AIM OF THE EXERCISE: Transcribe word for word the lines below from the line with "Another important thing" through the line with "The biggest change", ends included.

[[ DATA FOR THIS EXERCISE, beginning ]]

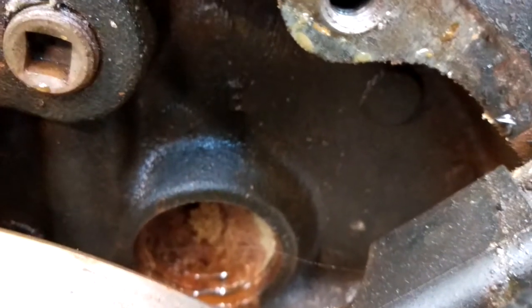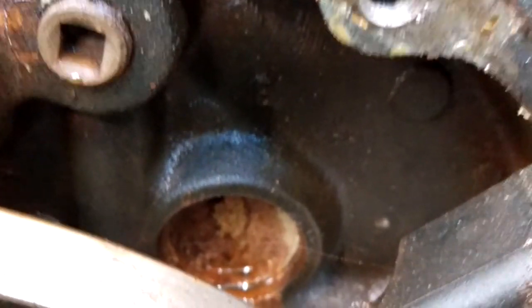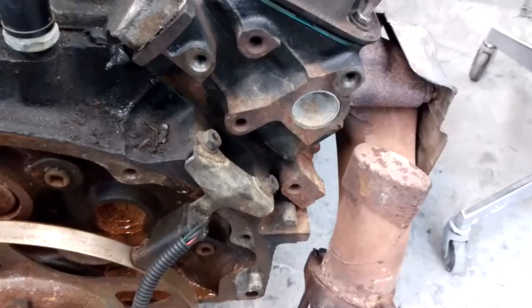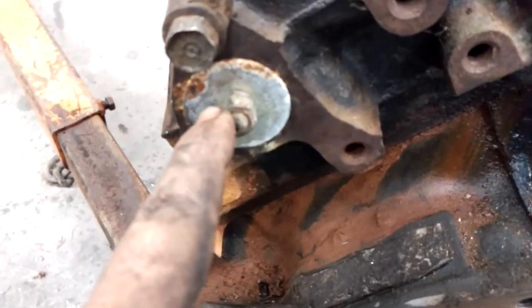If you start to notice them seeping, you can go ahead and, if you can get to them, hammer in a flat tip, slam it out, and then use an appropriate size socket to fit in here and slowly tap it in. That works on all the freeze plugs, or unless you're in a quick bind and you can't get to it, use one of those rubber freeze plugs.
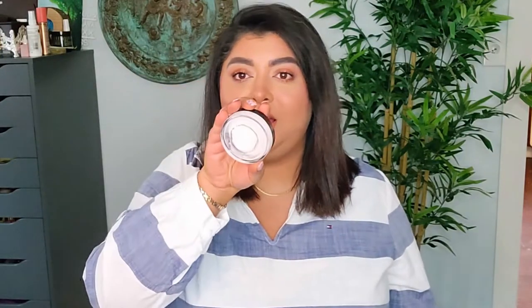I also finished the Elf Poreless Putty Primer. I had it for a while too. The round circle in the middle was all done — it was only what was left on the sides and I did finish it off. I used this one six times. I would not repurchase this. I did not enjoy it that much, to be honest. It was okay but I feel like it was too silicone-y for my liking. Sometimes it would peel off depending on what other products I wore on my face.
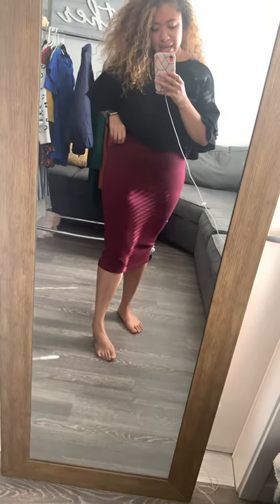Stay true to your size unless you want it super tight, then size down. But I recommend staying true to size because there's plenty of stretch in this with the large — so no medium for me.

[[ DATA FOR THIS EXERCISE, end ]]
[[ DATA FOR THIS EXERCISE, beginning ]]

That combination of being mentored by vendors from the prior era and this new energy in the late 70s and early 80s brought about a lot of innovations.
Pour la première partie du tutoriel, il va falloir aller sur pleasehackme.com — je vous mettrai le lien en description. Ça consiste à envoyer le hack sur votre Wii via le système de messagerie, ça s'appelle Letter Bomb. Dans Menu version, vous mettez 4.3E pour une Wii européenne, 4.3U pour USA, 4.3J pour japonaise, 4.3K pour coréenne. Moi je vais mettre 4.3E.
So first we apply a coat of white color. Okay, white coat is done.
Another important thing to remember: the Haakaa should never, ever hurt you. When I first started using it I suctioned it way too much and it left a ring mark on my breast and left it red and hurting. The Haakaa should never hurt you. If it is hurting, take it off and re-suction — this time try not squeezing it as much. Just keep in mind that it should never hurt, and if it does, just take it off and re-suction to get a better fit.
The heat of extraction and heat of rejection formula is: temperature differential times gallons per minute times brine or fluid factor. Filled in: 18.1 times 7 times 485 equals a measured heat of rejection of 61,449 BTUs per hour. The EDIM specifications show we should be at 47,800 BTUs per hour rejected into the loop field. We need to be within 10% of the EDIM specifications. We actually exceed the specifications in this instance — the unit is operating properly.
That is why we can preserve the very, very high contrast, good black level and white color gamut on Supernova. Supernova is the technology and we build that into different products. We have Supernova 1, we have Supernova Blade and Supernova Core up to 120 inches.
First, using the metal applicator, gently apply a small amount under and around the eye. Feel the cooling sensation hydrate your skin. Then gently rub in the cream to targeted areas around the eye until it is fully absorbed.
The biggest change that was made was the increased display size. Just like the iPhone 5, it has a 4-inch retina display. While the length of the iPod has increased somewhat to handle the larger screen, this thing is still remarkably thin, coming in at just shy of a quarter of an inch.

[[ DATA FOR THIS EXERCISE, end ]]

RESULT OF THIS EXERCISE:
Another important thing to remember: the Haakaa should never, ever hurt you. When I first started using it I suctioned it way too much and it left a ring mark on my breast and left it red and hurting. The Haakaa should never hurt you. If it is hurting, take it off and re-suction — this time try not squeezing it as much. Just keep in mind that it should never hurt, and if it does, just take it off and re-suction to get a better fit.
The heat of extraction and heat of rejection formula is: temperature differential times gallons per minute times brine or fluid factor. Filled in: 18.1 times 7 times 485 equals a measured heat of rejection of 61,449 BTUs per hour. The EDIM specifications show we should be at 47,800 BTUs per hour rejected into the loop field. We need to be within 10% of the EDIM specifications. We actually exceed the specifications in this instance — the unit is operating properly.
That is why we can preserve the very, very high contrast, good black level and white color gamut on Supernova. Supernova is the technology and we build that into different products. We have Supernova 1, we have Supernova Blade and Supernova Core up to 120 inches.
First, using the metal applicator, gently apply a small amount under and around the eye. Feel the cooling sensation hydrate your skin. Then gently rub in the cream to targeted areas around the eye until it is fully absorbed.
The biggest change that was made was the increased display size. Just like the iPhone 5, it has a 4-inch retina display. While the length of the iPod has increased somewhat to handle the larger screen, this thing is still remarkably thin, coming in at just shy of a quarter of an inch.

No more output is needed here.